What makes this four-day celebration of film is its full schedule of surprises, magical moments in any number of special films that I, you—and no one—saw coming.
I went into The Old Man & the Gun with high expectations. It was the first film I viewed at the festival. David Lowery (A Ghost Story, Pete’s Dragon) said he made this film so that he could bring it—and himself—to Telluride. And, well, with Robert Redford cast in the starring role, reportedly his last performance as a film actor, what could be better?
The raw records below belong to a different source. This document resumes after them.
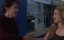   / Before Sunrise - 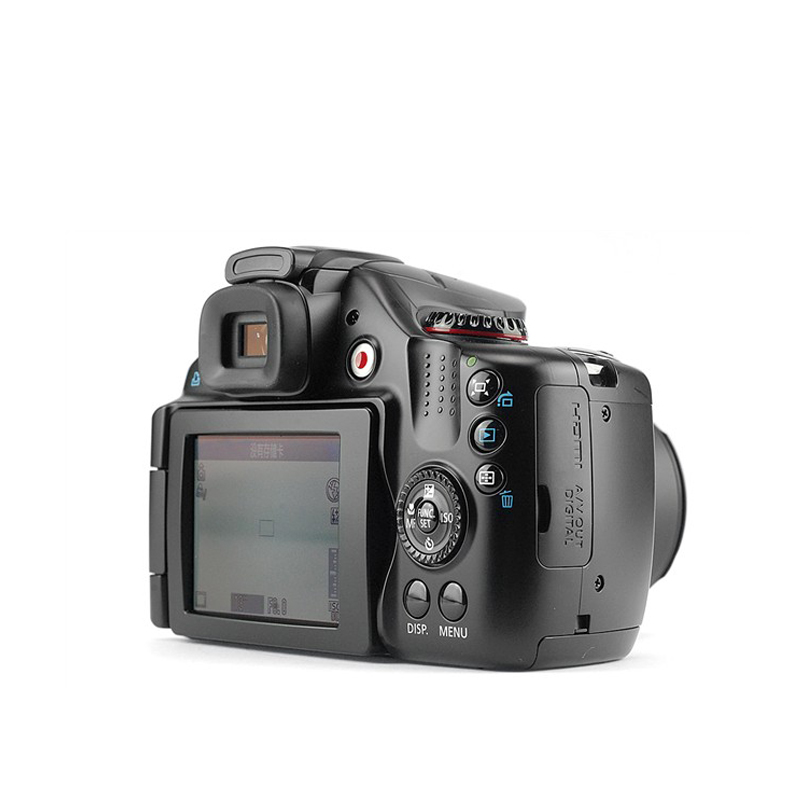 佳能 PowerShot SX30 IS 數(shù)碼相機(jī) 廣角與長(zhǎng)焦的完美結(jié)合，專業(yè)攝影攝像服務(wù)選擇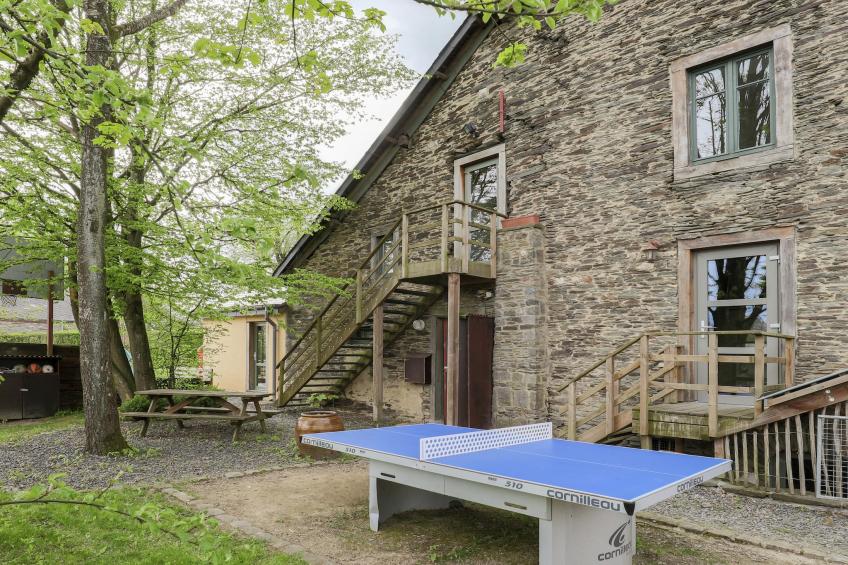 La Petite Provence - foto 28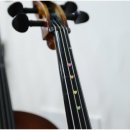 바이올린 1:1 레슨 이미지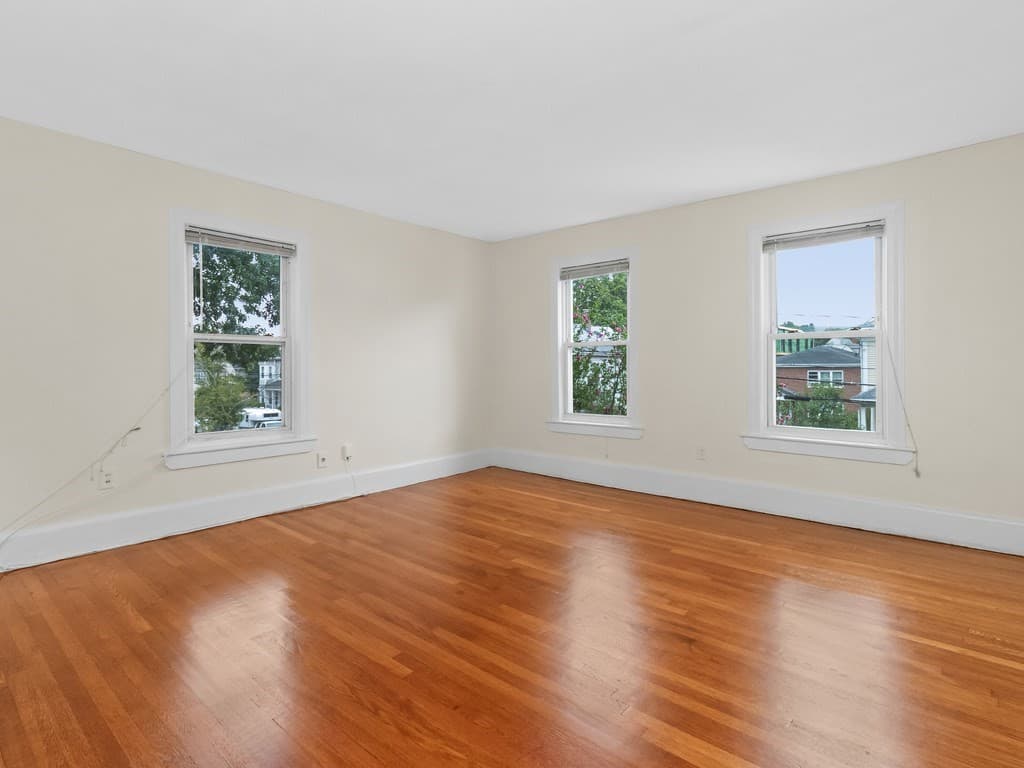 Multi Family at 32 Vernon Street, Waltham MA 02453, Waltham, photo 19 of 34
With Redford as the old man, a rather aged and habitual bank robber (and subsequent prisoner and equally habitual escapee) with “the gun,” Sissy Spacek as the old man’s “love” interest and conscience, and Casey Affleck, as the “law man” and the old man’s dogged pursuer, the film offers the audience a meaningful yet light-hearted film experience, and a worthy and feel good, good-guy “outlaw” curtain call for Redford.
I have to admit I had my doubts about First Man. Was this going to be a biopic about Neil Armstrong made tantalizing and, forgive me, more marketable via his portrayal by Ryan Gosling? Thankfully, I was so very, very far off. Damien Chazelle (Whiplash, LaLa Land) along with screenwriter Josh Singer (Spotlight) make very clear that this excellent film—on many levels—is all about accomplishment, character, sacrifice, and an almost blind yet stoic dedication to a dream carried out by a very brave, if not overly hubristic corps of astronauts and those behind-the-scenes wives and families who suffered as much as the protagonists themselves. Perhaps the point of this majestically filmed and extraordinarily scored film is that what constituted the right stuff during Neil Armstrong’s day is sadly and tragically absent in our time. GO SEE THIS FILM.
I would have never imagined the day when Melissa McCarthy would attract my attention. Sorry, I’m not—or at least wasn’t—a fan. But after seeing Can You Ever Forgive Me? please count me among the converted. McCarthy, along with co-star, the engaging and worldly humorous Richard E. Grant, provide a comedic if not less-than-legal romp through the world of literary memorabilia in Manhattan’s Upper West Side. Director Marielle Heller expertly and lightly takes us along the true yet adapted life story of author and unique character, Lee Israel, in this not-to-be-missed film.
Emma Stone (LaLa Land, Battle of the Sexes) in an early 18th century period piece located in the Court of Queen Anne? I’m not exactly certain how I can best describe The Favorite other than to say it’s composed of an extraordinary three-woman ensemble (with a cast of hundreds, of course) who expertly and viciously at time illustrate the ostentatious and contentious and apparently female-influenced intrigue that occupied the Queen’s Court at the time. The rivalry (it was more like an 18th century cage match) between Abigail (Emma) and Lady Marlborough (Rachel Weisz) to win (or extort, as the case may be) the favor of the docile and ever compliant Queen (Olivia Colman) is what moves the film along in an amusing and sometimes shocking track. The three women protagonists, while dressed in elaborate period costumes (designed by Sandy Powell), wear little or no make up. The men, however, are exquisitely attired, coiffed, and overly made up in direct contrast to their female counterparts. Not that there’s anything wrong with that, but beyond this what is certain is that Director Yorgos Lanthimos is informing his audience the women make the rules, they change the world, and they are what makes this engaging and delightful film worth viewing.